Wigger: I came to work at the Red Onion at four o’clock one afternoon. There were 30 or 40 boxes of food that should have been put away, and they were still in the kitchen. I asked Billy Joe what was going on. Billy Joe was just out of prison where he had served time for murdering a black person.
I asked him why the boxes were still there and he pointed to the guy washing dishes and said, “Because that S.O.B. didn’t help me.” I told them both to get busy and put the food away. As I was saying that, the dishwasher walked over to where Billy Joe and I were standing. He picked up a two-foot serrated knife and put it right through Billy Joe’s heart. I grabbed Billy Joe as he was falling over and I held him in my arms as he bled to death. By the time I laid him down he was dead. The other guy just walked away like nothing happened. He went upstairs to his room and waited for the police to come.

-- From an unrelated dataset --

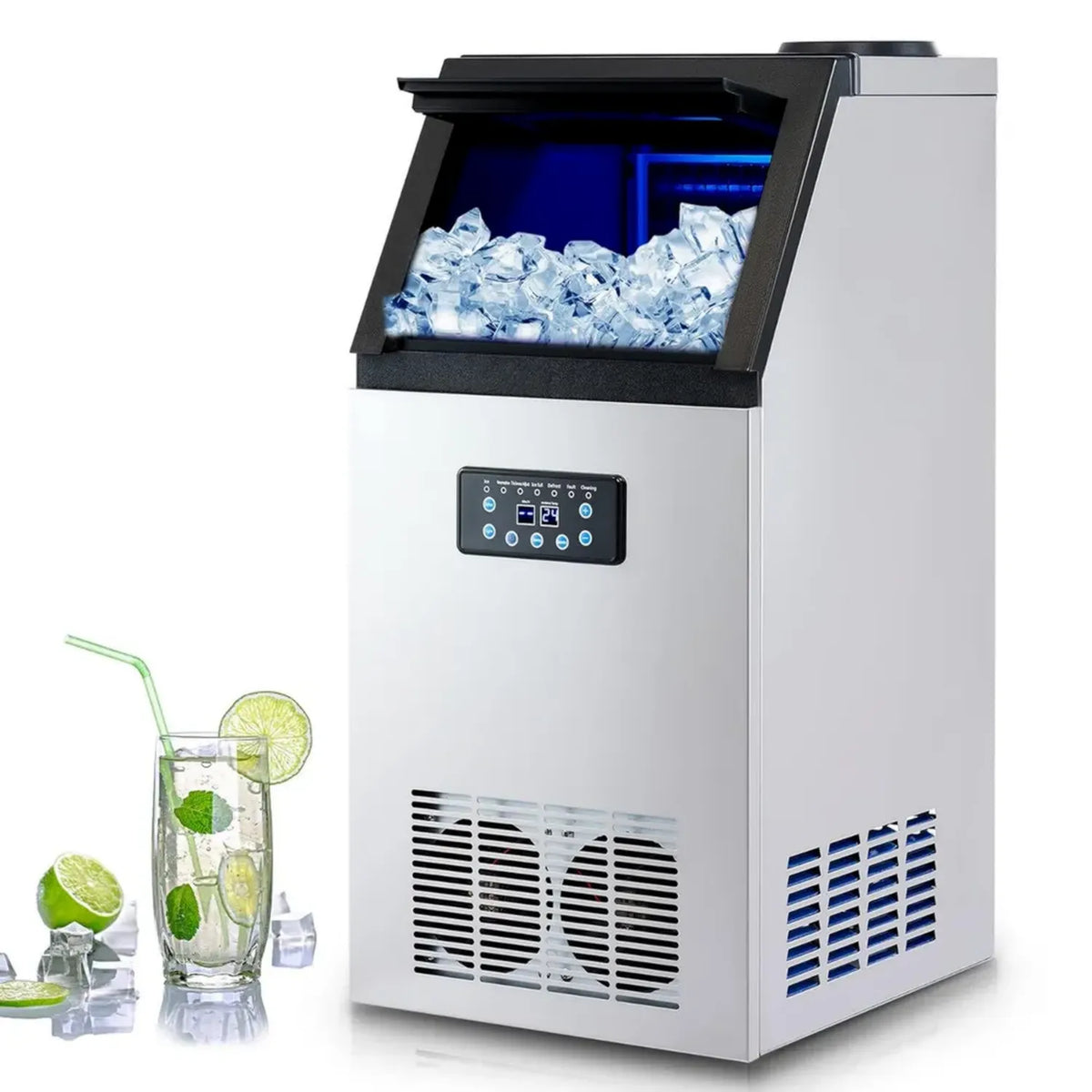 Macchina per Ghiaccio 480W in Acciaio Inossidabile con Schermo LCD, Produzione 59kg/24h, Ideale per Casa e Ristoranti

We had to close the restaurant for an hour and then we reopened and went back to work.
Gallacher: You had to go back to work after that trauma?

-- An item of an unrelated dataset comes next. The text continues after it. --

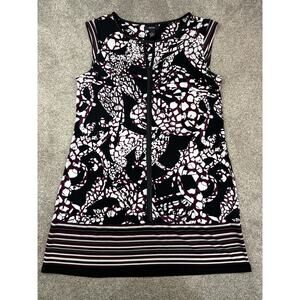 Alfani black, white, & maroon patterned tunic size M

Wigger: Oh yeah, of course. I was a little shaky for a while but we cleaned up the blood and went back to work. They arrested the dishwasher and put him in jail. He died of a heart attack in prison, eight months later.
Gallacher: When I asked you for a nightmare kitchen story I didn’t expect it to be an actual nightmare.
Wigger: You were probably thinking more of a story like the time we hired a new chef and he was prepping for a busy night and he let something flame up on the stove. It was a big flame and it started the sprinkler system in the restaurant. By the time we got it shut off the whole restaurant was soaked.
We had to try and call the two or three hundred people who had reservations that night. But we didn’t have phones for most of them, so they all showed up and we had to turn them away.
Yes, there were some crazy times but most of the times were wonderful. When I look back on my life and think about all of the people I have met and the friends I have made, I think there are not many countries that give a person the kind of opportunities I have been able to have here in America.